TASK DIRECTIONS | Directions for the data below: repeat exactly the lines from the one with "Hành trình về" through the one with "Thumbnail: 2023 Porsche Macan - 12", both included, and omit all pictures.

RECORDS FOR THE TASK |
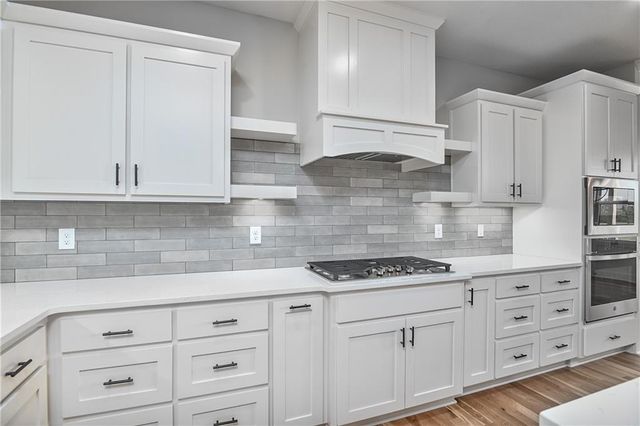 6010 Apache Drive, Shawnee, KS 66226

...

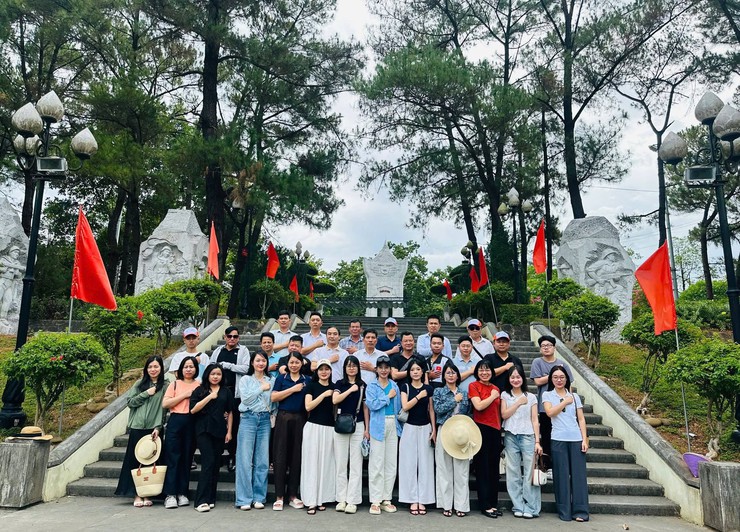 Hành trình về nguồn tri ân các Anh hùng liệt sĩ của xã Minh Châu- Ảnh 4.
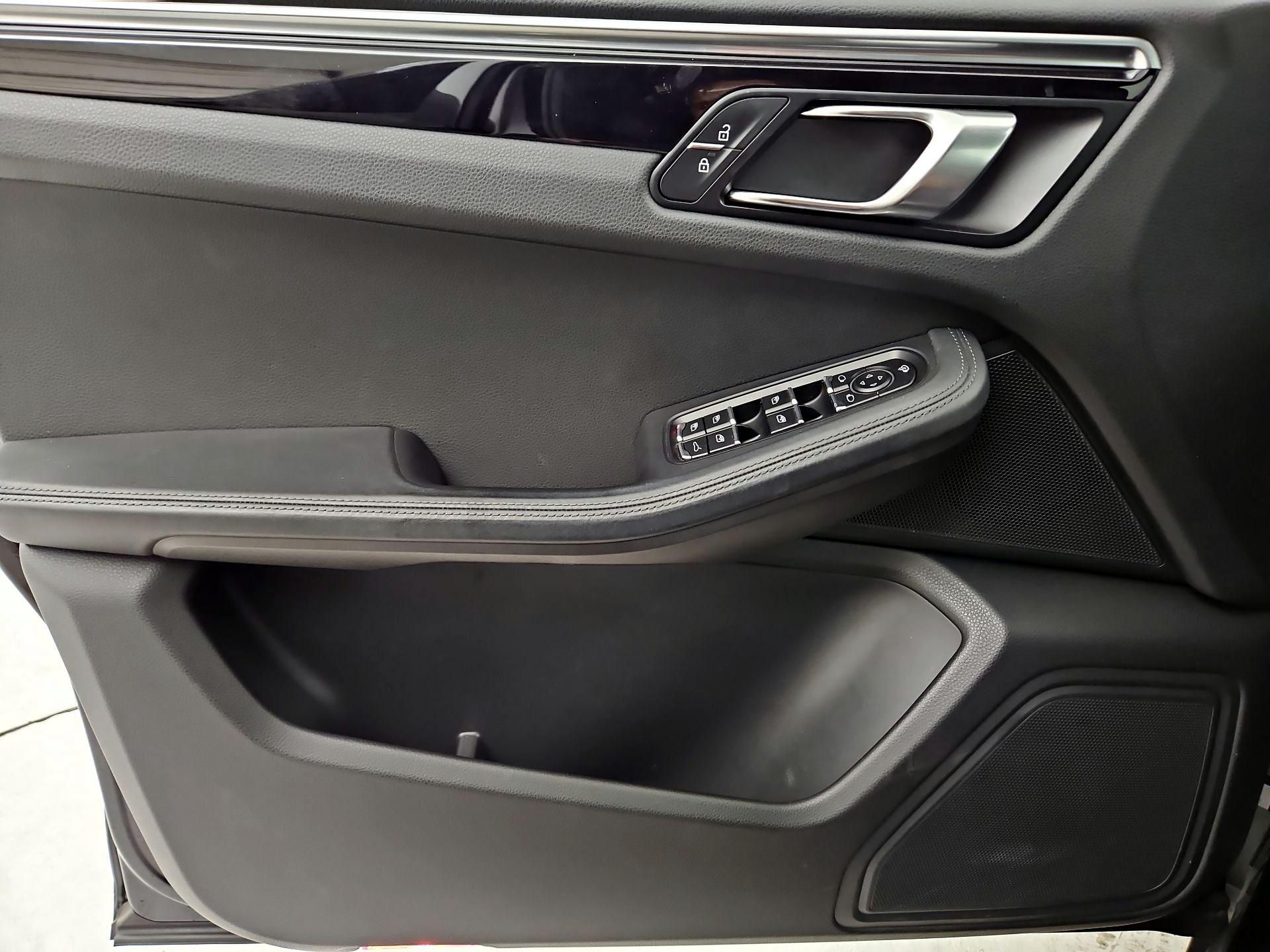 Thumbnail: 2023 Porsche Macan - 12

THE ANSWER |
 Hành trình về nguồn tri ân các Anh hùng liệt sĩ của xã Minh Châu- Ảnh 4.
 Thumbnail: 2023 Porsche Macan - 12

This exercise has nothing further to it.